Life in Iron city isn't too bad, it's pretty much like many a large metropolis in our world today, with plenty of nice places to live, but also some streets you don't want to be caught out at night in.
Dyson Ido is a cyberdoctor and while looking for scrap parts he finds the head and torso of a cyborg, in some kind of stasis. He rebuilds her and they quickly bond in a kind of father - daughter relationship for she has no memory of her past. Alita is a blank slate, but not for long because her past catches up and reveals she is much more than just the sweet little girl Ido wants her to be.
Her path to finding out who she was and who she is now crosses that of many others and the various layers of Iron City are revealed over time.
The CGI is sometimes uneven, she looks quite off in some scenes, but they nail her in others. She's a very well developed digital character, and she reminded me of the excellent work they did on Gollum.

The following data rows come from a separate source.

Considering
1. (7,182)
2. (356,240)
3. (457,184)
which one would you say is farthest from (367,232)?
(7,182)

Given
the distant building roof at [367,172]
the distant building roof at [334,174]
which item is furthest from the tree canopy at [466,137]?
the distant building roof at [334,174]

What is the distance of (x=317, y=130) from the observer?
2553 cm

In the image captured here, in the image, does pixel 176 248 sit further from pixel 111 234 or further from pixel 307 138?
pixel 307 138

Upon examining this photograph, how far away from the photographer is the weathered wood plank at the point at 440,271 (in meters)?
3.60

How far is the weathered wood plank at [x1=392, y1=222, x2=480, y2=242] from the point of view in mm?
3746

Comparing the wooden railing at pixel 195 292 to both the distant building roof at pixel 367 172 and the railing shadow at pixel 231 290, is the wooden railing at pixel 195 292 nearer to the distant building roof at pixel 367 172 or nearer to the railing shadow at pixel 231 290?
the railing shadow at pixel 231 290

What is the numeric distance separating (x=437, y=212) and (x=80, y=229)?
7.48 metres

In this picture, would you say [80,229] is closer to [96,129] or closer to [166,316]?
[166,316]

Another feature I liked is that she seems to have mass and momentum, she doesn't effortlessly leap through the air, you feel she is using power, fighting gravity as she moves.

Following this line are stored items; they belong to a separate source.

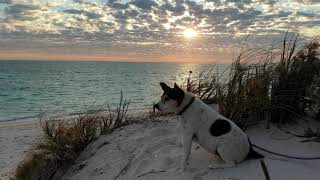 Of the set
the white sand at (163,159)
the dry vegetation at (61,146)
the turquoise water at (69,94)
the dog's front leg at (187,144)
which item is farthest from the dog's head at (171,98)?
the turquoise water at (69,94)

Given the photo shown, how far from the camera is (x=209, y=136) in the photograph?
543cm

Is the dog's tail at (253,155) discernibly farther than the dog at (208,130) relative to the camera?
Yes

Salazar nails a perfectly believable performance of somebody who may look like a tiny girl, but is in fact a powerhouse, but also has heart and humanity.
Even if you don't know Alita, it's a perfectly fine SF action flick.
*** Spoiler warning ***
*** Spoilers ahead ***
Kishiro's Manga is like Russian dolls, the more Alita discovers about her past the wider the universe she inhabits becomes. What seems like a simply mad-max style futuristic dystopia is merely the tip of the iceberg. In the manga Earth is nothing much than a backwater to a collection of transhuman societies, next to which being a nanotech enhanced plasma wielding cyborg is so passé.
Most simple humans can achieve immortality as long as they find the means to achieve it, but it's a dog-eat-dog society all the way and what may seem like a paradise is in fact more often a dead-end. The real evil is at the very top where people who have transcended humanity have lost all traces of it and people like Alita end up being the catalyst to dramatic changes.
The movie tries to tell the story of the first four volumes, and there is a lot of great material that didn't make the theatrical cut.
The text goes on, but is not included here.